→ **RECORD EXCERPTS**
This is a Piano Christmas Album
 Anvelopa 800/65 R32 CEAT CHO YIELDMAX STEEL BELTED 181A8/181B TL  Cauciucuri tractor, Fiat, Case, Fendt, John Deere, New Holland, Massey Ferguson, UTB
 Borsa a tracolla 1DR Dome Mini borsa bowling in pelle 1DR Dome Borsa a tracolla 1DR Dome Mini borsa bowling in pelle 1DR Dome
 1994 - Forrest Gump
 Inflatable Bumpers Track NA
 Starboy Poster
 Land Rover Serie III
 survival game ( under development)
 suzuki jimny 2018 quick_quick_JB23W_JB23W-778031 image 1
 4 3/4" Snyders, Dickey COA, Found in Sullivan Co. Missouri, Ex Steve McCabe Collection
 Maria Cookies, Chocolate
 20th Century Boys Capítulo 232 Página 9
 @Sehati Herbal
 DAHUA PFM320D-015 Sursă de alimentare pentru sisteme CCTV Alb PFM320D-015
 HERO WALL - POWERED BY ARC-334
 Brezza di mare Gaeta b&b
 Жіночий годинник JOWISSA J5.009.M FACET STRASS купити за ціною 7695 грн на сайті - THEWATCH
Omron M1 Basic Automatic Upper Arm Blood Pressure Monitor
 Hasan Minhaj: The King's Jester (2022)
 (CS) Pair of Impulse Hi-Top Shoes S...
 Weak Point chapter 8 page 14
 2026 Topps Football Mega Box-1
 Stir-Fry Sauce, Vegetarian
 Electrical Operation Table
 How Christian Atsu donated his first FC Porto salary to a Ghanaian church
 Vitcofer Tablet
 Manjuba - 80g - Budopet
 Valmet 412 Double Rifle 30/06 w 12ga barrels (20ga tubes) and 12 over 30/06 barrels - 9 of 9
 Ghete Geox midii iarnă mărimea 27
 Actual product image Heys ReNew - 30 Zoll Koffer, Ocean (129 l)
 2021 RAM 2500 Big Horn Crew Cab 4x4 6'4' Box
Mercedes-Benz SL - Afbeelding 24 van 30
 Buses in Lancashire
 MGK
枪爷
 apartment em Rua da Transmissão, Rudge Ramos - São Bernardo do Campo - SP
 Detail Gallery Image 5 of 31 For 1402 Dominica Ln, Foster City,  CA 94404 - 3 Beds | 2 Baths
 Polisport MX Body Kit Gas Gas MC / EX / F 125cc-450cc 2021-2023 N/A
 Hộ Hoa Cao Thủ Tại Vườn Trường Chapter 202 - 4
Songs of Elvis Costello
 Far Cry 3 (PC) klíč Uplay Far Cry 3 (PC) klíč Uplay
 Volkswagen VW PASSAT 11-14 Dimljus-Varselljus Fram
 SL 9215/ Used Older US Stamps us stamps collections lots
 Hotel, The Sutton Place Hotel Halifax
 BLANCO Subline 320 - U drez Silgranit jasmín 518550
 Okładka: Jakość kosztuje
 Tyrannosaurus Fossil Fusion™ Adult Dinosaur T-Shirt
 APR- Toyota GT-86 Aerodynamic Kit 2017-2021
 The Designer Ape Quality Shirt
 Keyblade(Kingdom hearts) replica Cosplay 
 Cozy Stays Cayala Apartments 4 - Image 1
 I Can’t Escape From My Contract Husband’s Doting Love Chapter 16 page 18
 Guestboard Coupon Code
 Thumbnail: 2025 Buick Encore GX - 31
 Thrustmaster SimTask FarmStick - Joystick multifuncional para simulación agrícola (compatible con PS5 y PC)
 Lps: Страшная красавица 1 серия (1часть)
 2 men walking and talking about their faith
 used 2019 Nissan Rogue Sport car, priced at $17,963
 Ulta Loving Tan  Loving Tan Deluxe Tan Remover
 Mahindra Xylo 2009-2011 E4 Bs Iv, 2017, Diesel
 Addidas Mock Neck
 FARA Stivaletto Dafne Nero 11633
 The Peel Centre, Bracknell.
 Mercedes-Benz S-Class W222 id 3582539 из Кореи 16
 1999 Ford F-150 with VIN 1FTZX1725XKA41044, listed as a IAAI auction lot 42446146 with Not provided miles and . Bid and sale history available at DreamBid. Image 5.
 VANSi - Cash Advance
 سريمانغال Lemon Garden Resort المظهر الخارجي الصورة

→ **WORK REQUIRED**
Set down, from the entries above, exactly the lines from the one with "Thumbnail: 2025 Buick Encore GX - 31" up to and including the one with "FARA Stivaletto Dafne Nero 11633", and no other lines.

→ **ANSWER TO THIS EXERCISE**
 Thumbnail: 2025 Buick Encore GX - 31
 Thrustmaster SimTask FarmStick - Joystick multifuncional para simulación agrícola (compatible con PS5 y PC)
 Lps: Страшная красавица 1 серия (1часть)
 2 men walking and talking about their faith
 used 2019 Nissan Rogue Sport car, priced at $17,963
 Ulta Loving Tan  Loving Tan Deluxe Tan Remover
 Mahindra Xylo 2009-2011 E4 Bs Iv, 2017, Diesel
 Addidas Mock Neck
 FARA Stivaletto Dafne Nero 11633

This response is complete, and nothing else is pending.